Se ejerce maltrato sobre alguien considerado inferior o subordinado, es decir, la violencia funda su accionar en la subestimación, la descalificación del otro/a y en su discriminación.
La violencia en cualquier ámbito de la vida cotidiana se manifiesta en el acostumbramiento a los malos tratos de palabra. Las actitudes agresivas injurian a quienes las padecen que resultan lesionados en diferentes aspectos de su personalidad; pero resulta menos evidente que también lastima y deteriora a quien lo ejecuta. Los daños que causa en las personas y en las relaciones tienen graves consecuencias individuales como sociales en la salud, la educación, la justicia, la economía y el desarrollo integral de una comunidad. Cualquier manifestación violenta, aun la aparentemente más íntima que se lleva a cabo en el espacio privado, constituye un problema público con proyecciones sociales que a corto o largo plazo afectan a todos, en tanto los ámbitos público y privado se retroalimentan uno del otro.
Las personas que sufren maltrato emocional, psíquico o físico disminuyen su autoestima hasta serles muy difícil reaccionar sin ayuda externa. La situación se agrava en los casos en que el abuso es recibido por aquellos con quienes las víctimas están vinculadas afectivamente, lo que aumenta el dolor y la confusión. Este es el caso de la violencia doméstica en niños, mujeres o ancianos/as, ya que la ejercen aquellos que son responsables de proporcionarles respeto y cuidado.
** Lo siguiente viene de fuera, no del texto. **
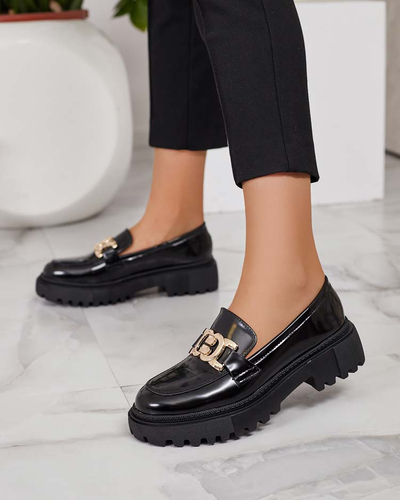 Royalfashion Dámske lakované mokasíny Bevevra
Uno de los factores que influyen en esta problemática es la asignación inflexible de roles con cargas y privilegios diferentes para uno y otro sexo en el espacio doméstico. Dicho reparto desigual de trabajos y responsabilidades desequilibran e inhiben aspectos de la condición humana integral lo que genera un escenario violento para las relaciones dentro del hogar.
El mandato cultural basado en tareas consideradas femeninas o masculinas cierra las puertas a un desarrollo pleno de niñas y niños así como de mujeres y varones; genera seres incompletos y dependientes.
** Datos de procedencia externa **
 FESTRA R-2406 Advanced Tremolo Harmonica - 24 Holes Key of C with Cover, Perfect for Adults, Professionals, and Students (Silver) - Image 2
Pensar en la flexibilización de los papeles dentro del ámbito doméstico daría lugar a opciones enriquecedoras para el desarrollo individual de cada una /o más allá de la identidad sexual y sobre todo permitiría reconocer al otro/a sin encasillarlo en papeles predeterminados.
Estas situaciones en el ámbito privado —aunque no estén a la vista— genera una cadena de discriminación que afecta tanto a mujeres como a varones porque los despoja de espacios vitales integradores de la personalidad.
Shakespeare nos recuerda que estamos hechos de la sustancia con que se trenzan los sueños. Reconocer en el otro/a a alguien con deseos y necesidades semejantes a las que tenemos nosotros estimula una conciencia solidaria en aras de una comunidad más confortable. Por esta razón ayudar a quien lo necesita a salir de una situación de violencia constituye una actitud respaldada por la Constitución.
Denunciar y desarraigar diferentes formas de violencia en las relaciones es una tarea que nos alcanza a todos como miembros de una comunidad.
Si queremos construir un escenario social con seres humanos más felices y completos, ese escenario no puede convivir con prácticas o discursos que contengan alguna forma de violencia, discriminación o autoritarismo en nuestros mundos privados ni tampoco en los ámbitos laborales y públicos.